What else have I read recently? I’m always so consumed by the book I’m reading right now that I forget the others before. Over time, there’s been certain writers that I had a resonance with. Haruki Murakami is somebody that I have read almost all his books, and he tends to be a major source of inspiration. There’s a guy David Mitchel, he wrote Cloud Atlas, his most famous one. A lot of these authors write in non-linear narratives, I compare that to the messy aspect of making music. Their stories feel current, they feel like they they’re reflecting life as it is now, not as it was a hundred years ago. I’m usually inspired by people and writers that seem to hit a nerve with how I perceive reality right now, which is not very classical. It’s a different time, and it’s good to read, hear or see something that feels like this current time.

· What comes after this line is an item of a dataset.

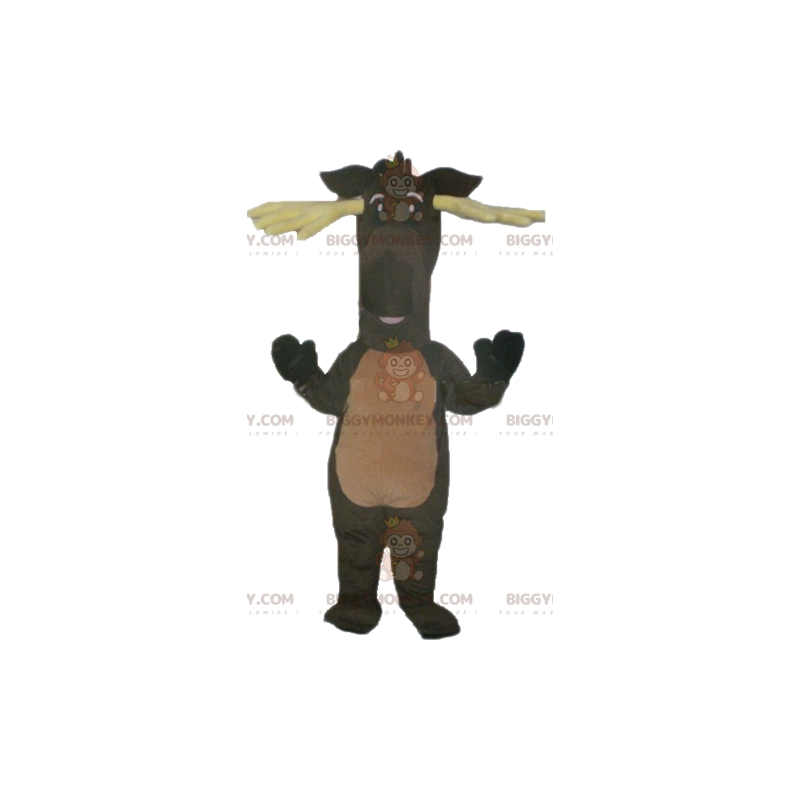 BIGGYMONKEY™ Brown Caribou Reindeer Mascot Costume with Yellow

You’re also well known with your movie scores. How many soundtrack albums do you approximately have? So many, right?

Yeah, maybe too many. (laughs)

What pleasures can someone get by scoring movies? Is it as enlightening as making Exit Ghost?

It’s a wonderful job. I love doing this kind of work. I get bored quickly and it always takes me to different corners. It’s not like having a music career and having to stuck with one sound in film and TV. You can go wherever the project wants to go. In terms of having more adventure or more spectrum in your musical life, it’s quite wonderful. It’s also wonderful to be in the service of a project, to not have to put your ego into it and just say “No, this is not about the composer, it’s about making the movie or the show better.” I love all of these aspects.

Having said that, I’ve been writing almost exclusively film scores for 20 years or so, and after a while there is the danger to lose your musical self a little bit because you’re always in the service of these projects. That was certainly a motivation for Exit Ghost. Every once in a while, you want to express something that is not directed towards a film plot or a television show. You want to shine the flash light to somewhere else. I think that’s important and necessary to sometimes be free of these cause-and effect relationships that you have with any job. When someone says, “I’ll give you money, now write some music,” you’re not free at that point. You’re in the service of a project. Doing your own music, you keep yourself the chance to be free of these strings and just say “I can go wherever that takes me.”

I have a couple of more questions. Firstly, you have another current project called The Neuland Project. Did I pronounce that correctly?

Yes, pretty close.

The project is with Peter Baumann, which is interesting. He’s, such as yourself, an ex-Tangerine Dream member. How did that partnership develop? Because you weren’t in the band together at the same time…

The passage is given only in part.